In order to better check their overall accuracy, I have decided to compare all the trained models with a dummy classifier that uses the tactic of always predicting the most common class, that for this dataset is the class three, which is the classification of the 75% of the dataset.  

In [None]:
train_f_score = f1_score(y_train, [3 for i in range(len(y_train))], average='macro')

f_score = f1_score(y_test, [3 for i in range(len(y_test))], average='macro')
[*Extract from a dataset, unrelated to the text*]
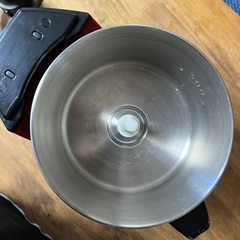 山本 YAMAMOTO マルチスピードミキサー マスターカット YE-MM41Rの画像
print("Dummy classifier, f-score at training: %f, f-score at testing: %f"%(train_f_score, f_score))

Dummy classifier, f-score at training: 0.230119, f-score at testing: 0.228556


In [None]:
final_results = [{'model': 'xgBoost', 'f-score in training': 1.000000, 'f-score in testing': 0.801809},
                 {'model': 'SVM', 'f-score in training': 0.748360, 'f-score in testing': 0.734410},
                 {'model': 'k-NN', 'f-score in training': 0.871035, 'f-score in testing': 0.683894},
                 {'model': 'Dummy', 'f-score in training': 0.230119, 'f-score in testing': 0.228556}
]
pd.DataFrame(final_results)

Unnamed: 0,model,f-score in training,f-score in testing
0,xgBoost,1.0,0.801809
1,SVM,0.74836,0.73441
2,k-NN,0.871035,0.683894
3,Dummy,0.230119,0.228556


It can be seen that after the data mining process, the best model out of all that have been trained is the xgBoost model, which besides being able to correctly classify all the elements of the training set, **has a final f-score of 0.801809** when validated with the test set. 

Also, it can be seen that all the trained models are significantly more accurate than the dummy model, which is only able to get a final f-score of 0.229556.